とはいえ、1つのゲームを完成させるにはそれなりに複雑なプログラムが必要で大量の「ノードン」とワイヤーでプログラム画面が埋まります。ナビゲートされるままに進めていくと作り方を忘れてしまうので、あれはどうやったんだっけ……と思い出したいときは、学んだ小技がリスト化された「ノードンガイド」やリファレンスをあとで参照するといいでしょう。
自分でもっと手をいれたくなる余地も残してあり、レッスンでは最後は自分流のアレンジをするように促されます。完成したゲームをコピーして再編、拡張してもいいですし、もちろんゼロから自分でオリジナルゲームをつくることもできます。
一般的にプログラミング学習でゲームを題材にする場合、プログラムを理解しやすくするためにゲームの面白さや完成度を極端に下げるか、プログラム全体を理解させることはあきらめて完成度の高いゲームの一部のコードだけを触らせるか、のどちらかになる傾向があるのですが、ゲームの完成度とプログラムの理解の両方を保つバランスが絶妙なところに設定されていると感じます。エンディングの演出もちゃんと作ったりと、そういう手を抜きません。
プログラミング手法は「Nintendo Labo」から引き継がれている
「ナビつき! つくってわかる はじめてゲームプログラミング」のプログラム画面を目にしたとき、『あれ?これはあの「Nintendo Labo」とおなじ系譜だよね……』と思ったのですが、公式サイトの開発者インタビューを読むと、ばっちりそのあたりの背景が語られていました。

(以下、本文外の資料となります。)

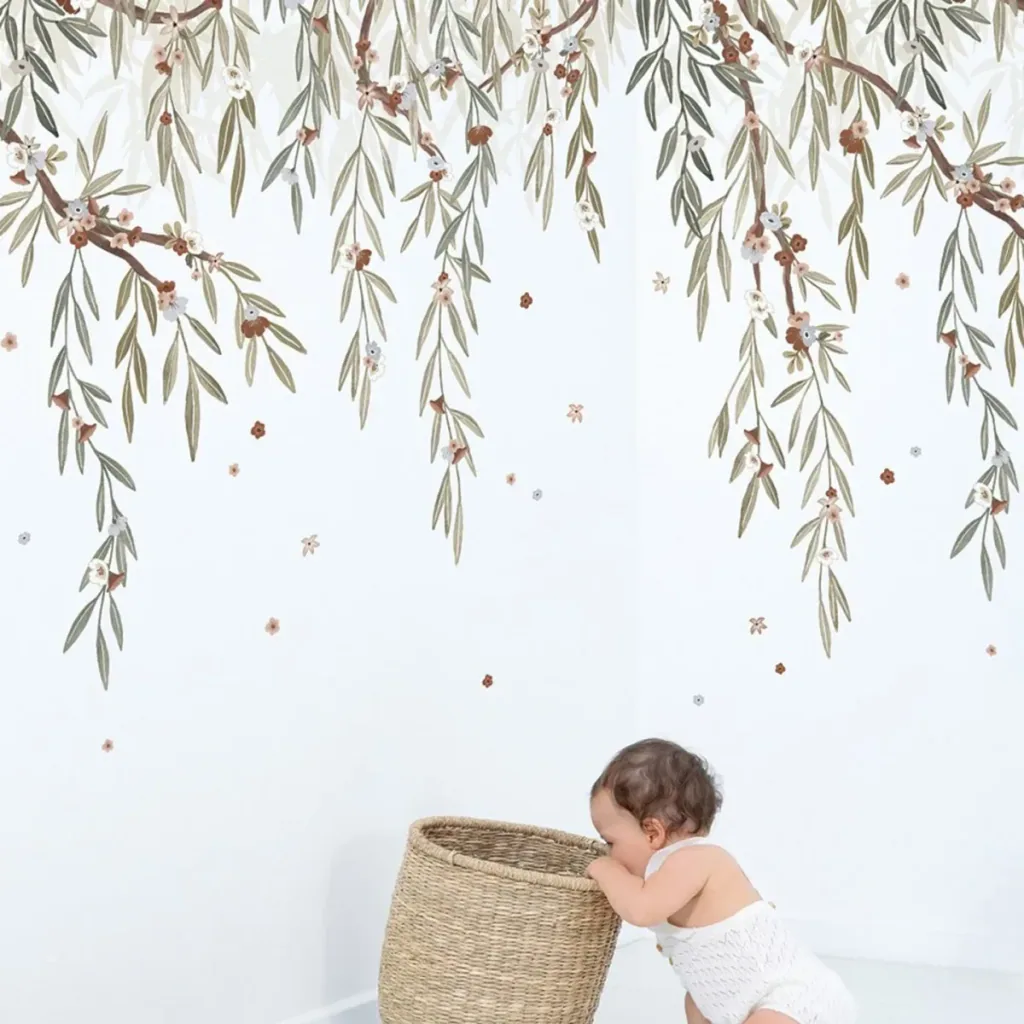 Lilipinso behang, kinderkamer muurontwerp, panorama, bloeiende eucalyptus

「Nintendo Labo」はダンボール工作とSwitchで作ったプログラムで楽しいゲームや装置を作るコンセプトのゲームタイトル。なかでも「Nintendo Labo VR Kit」は3Dゲーム作りに特化しています。詳しくは以前「Nintendo Labo」を使った子ども対象のハッカソンイベントを取材した「こどもとIT」の記事を読んでいただくと、こうしたゲームプログラミングツールを手にした子どもたちのポテンシャルがわかります。

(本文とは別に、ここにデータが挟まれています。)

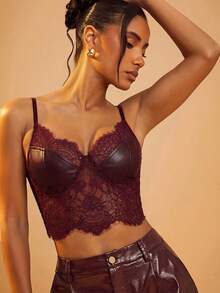 Hauture PU Leather Bust Lace Cami Corset Top - Red - View 1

ゲームのプレイだけでなく、裏の仕組みに興味を持って、ゲームとクリエイティブに関わって欲しいと思うお父さん&お母さん方は、「ナビつき! つくってわかる はじめてゲームプログラミング」をお子さんと一緒に挑戦してみてはどうでしょうか? そして、お子さんが作ったゲームをたくさんプレイしてあげてください!
なお、パッケージ版(税込み3,480円)にはアナログな「ノードンふりかえりカード」が付属しますから、会話しながらプログラムを考えたり画面から離れてプログラムの解説をしたりするときに便利です。ダウンロード版(税込み2,980円)を購入した場合はノードンカード(税込み500円)だけ追加購入も可能です。
2020年度から小学校でプログラミング教育が実施されています。これに伴い家庭でも手軽にプログラミングを学習できるツールが多数登場していますが、どんなツールを使えばいいのか迷ってしまう方も多いのではないでしょうか? そこで本連載では家庭でのプログラミング教育にピッタリなお勧めツールを紹介していきたいと思います。